**Record extracts:**
########
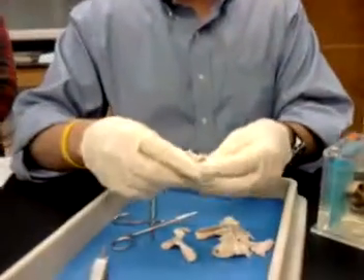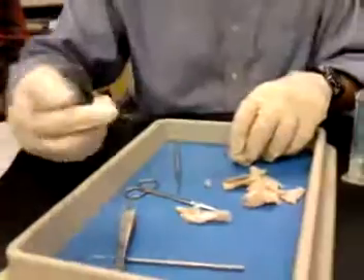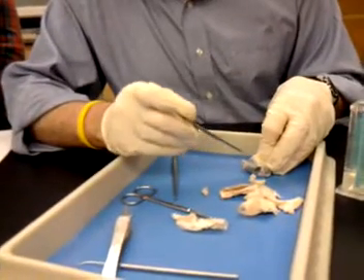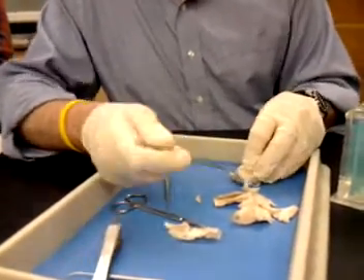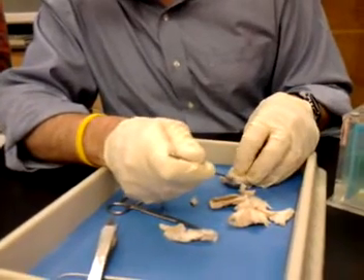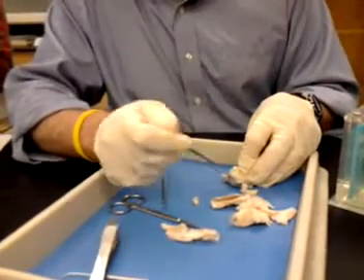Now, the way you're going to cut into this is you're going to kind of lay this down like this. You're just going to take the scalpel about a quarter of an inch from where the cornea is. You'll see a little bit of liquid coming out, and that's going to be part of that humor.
########
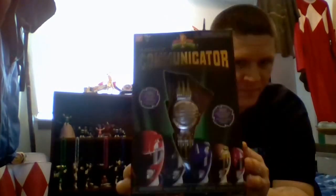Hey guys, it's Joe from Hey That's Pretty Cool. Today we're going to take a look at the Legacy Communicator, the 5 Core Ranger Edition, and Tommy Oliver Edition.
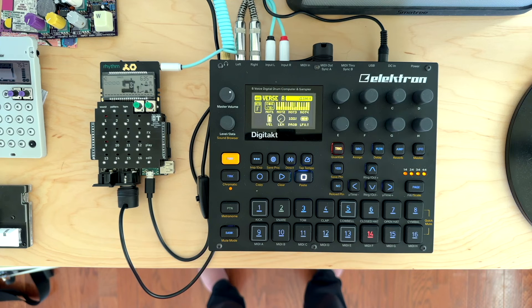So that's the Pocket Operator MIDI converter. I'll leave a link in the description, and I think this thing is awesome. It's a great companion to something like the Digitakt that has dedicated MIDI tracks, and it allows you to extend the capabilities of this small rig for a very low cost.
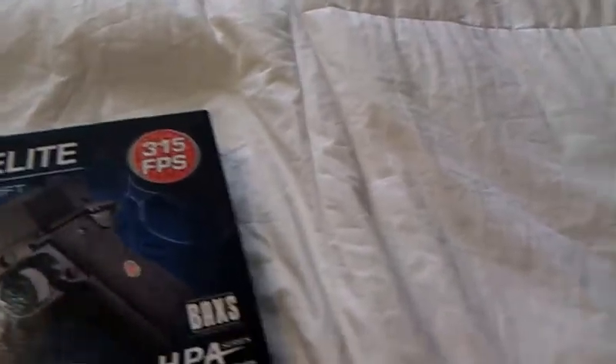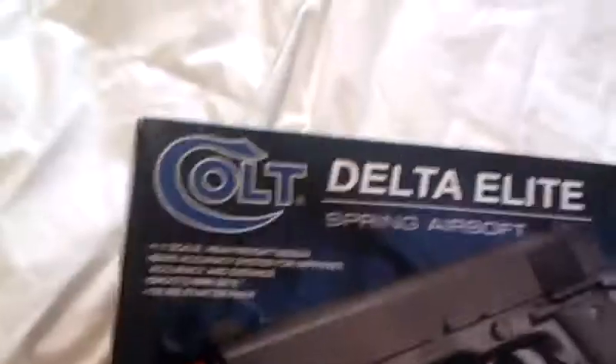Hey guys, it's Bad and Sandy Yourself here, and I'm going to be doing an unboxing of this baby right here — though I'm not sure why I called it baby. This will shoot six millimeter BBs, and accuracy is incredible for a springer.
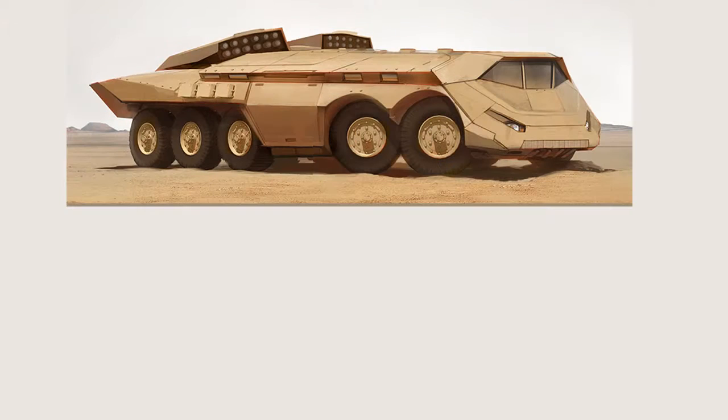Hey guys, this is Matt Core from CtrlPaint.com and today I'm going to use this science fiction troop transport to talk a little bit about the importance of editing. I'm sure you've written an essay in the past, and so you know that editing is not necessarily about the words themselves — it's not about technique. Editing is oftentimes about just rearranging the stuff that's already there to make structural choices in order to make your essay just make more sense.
########
**What you should do:** Your answer must be everything above from the line with "Hey guys, it's Joe" down to the line with "So that's the", word for word, and no pictures.

**Response:**
Hey guys, it's Joe from Hey That's Pretty Cool. Today we're going to take a look at the Legacy Communicator, the 5 Core Ranger Edition, and Tommy Oliver Edition.
So that's the Pocket Operator MIDI converter. I'll leave a link in the description, and I think this thing is awesome. It's a great companion to something like the Digitakt that has dedicated MIDI tracks, and it allows you to extend the capabilities of this small rig for a very low cost.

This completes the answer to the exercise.